As I move from engineering into data science, there are some key aspects of data science that I’m excited about:
- Using my math/statistics training more.
- Continuing to be creative, but in a different way.
- Working in a field where technology is rapidly changing and expanding the limits of what we can do.
A building is similar to a 3D puzzle — and a building typically leaks because a puzzle piece is missing, or puzzle pieces were not correctly put together (usually several pieces). So the problem-solving typically focuses on figuring out what pieces were missing or put together incorrectly. This problem can be hard to solve (and we didn’t always solve it); however, this problem is more spatial in nature. While I enjoy spatial problems, I missed more quantitative problems.
As I’ve learned about data science, learning how the math relates to it has jogged my memory, and I’m recalling pretty much every math course I’ve ever taken — calculus, differential equations, linear algebra, statistics, probability, numerical analysis… you name it (I’m even recalling sitting in my high-school classroom while learning specific aspects of linear algebra…stuff I didn’t even know I remembered). I’ve really enjoyed seeing how each type of math is relevant in data science — how the analysis is driven by statistics and probability, parts requiring optimization use calculus, and the computer needs to think in discrete chunks, which requires linear algebra.

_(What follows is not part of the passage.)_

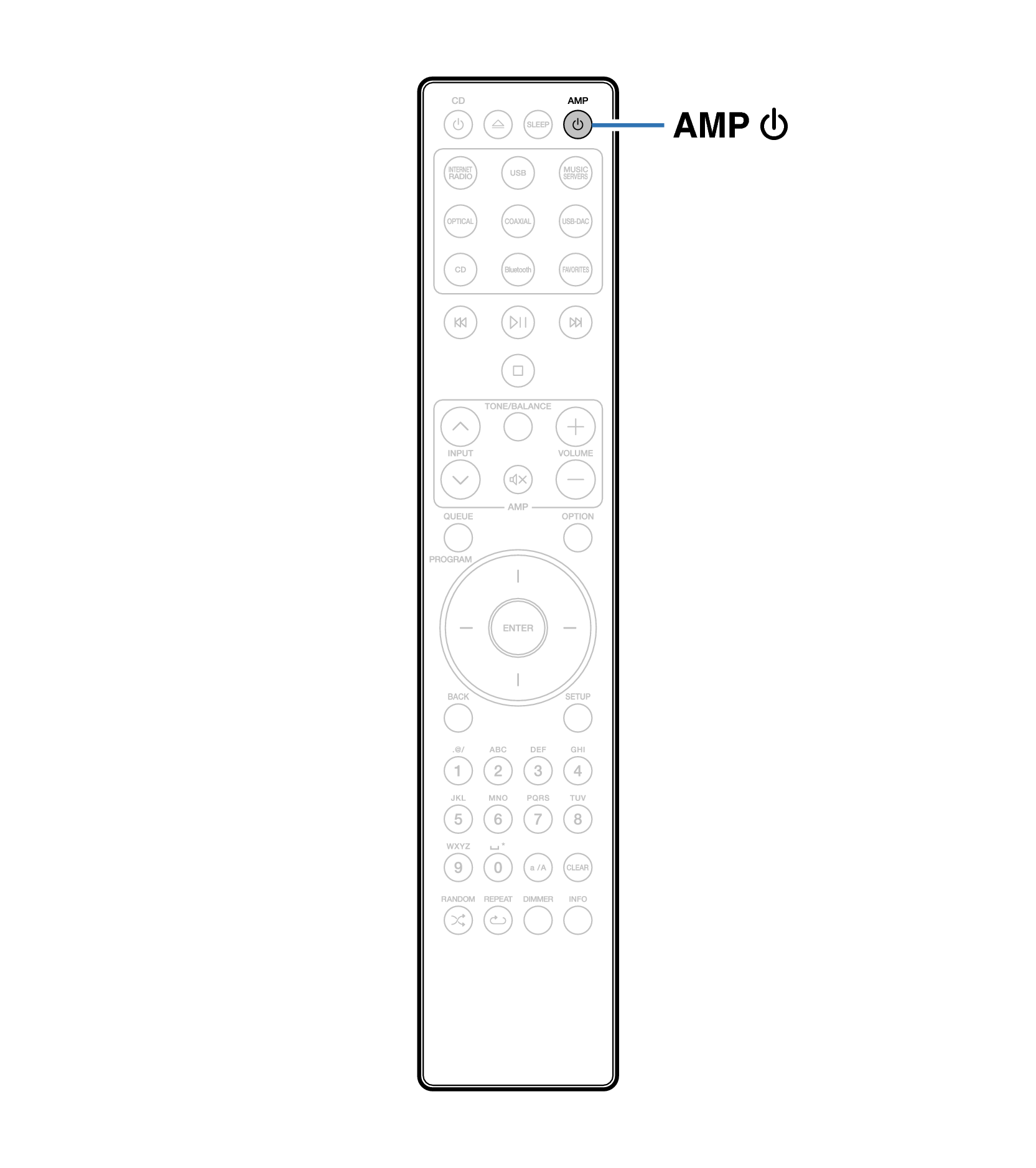 st-lla-in-auto-standby-l-get-model-30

I’m reminded how much I’ve loved math over the years and how important (and fun) it is.
In buildings, the creative side of me would come out when I had to figure out how to repair something that was wrong. For instance — if a puzzle piece was missing, I would figure out how to add a new piece to the existing puzzle that would take the place of the missing piece. However, in an existing building, this isn’t as easy as just replacing the missing piece, because the configuration of the other components usually limited our ability to modify the building. So we would need to get creative and figure out a solution that met the goal of addressing the leak while also accommodating the constraints set in place from the existing building.
In data science, we’re often given data to analyze, with a goal or question in mind; however, that doesn’t have to limit the analysis. As I analyze the data, I can continue to ask questions — and see what’s interesting. For example, on one project where I analyzed republican and democrat subreddit posts (which I’ll go into further in a future blog post) — my initial goal was to predict which subreddit a particular post was in based on the language in the post. However, in the process of analyzing the data, I found that many posts referenced URLs. I ended up spending a good amount of time and effort looking into which URLs were unique and common to each subreddit because it was interesting and I found some unexpected results (get excited for the future blog post). While this analysis took time, the ability to explore all aspects of the data that seem interesting — or at least do an initial analysis to see if it’s worth exploring further — is very freeing and some of my favorite part of the data science work that I’ve done so far.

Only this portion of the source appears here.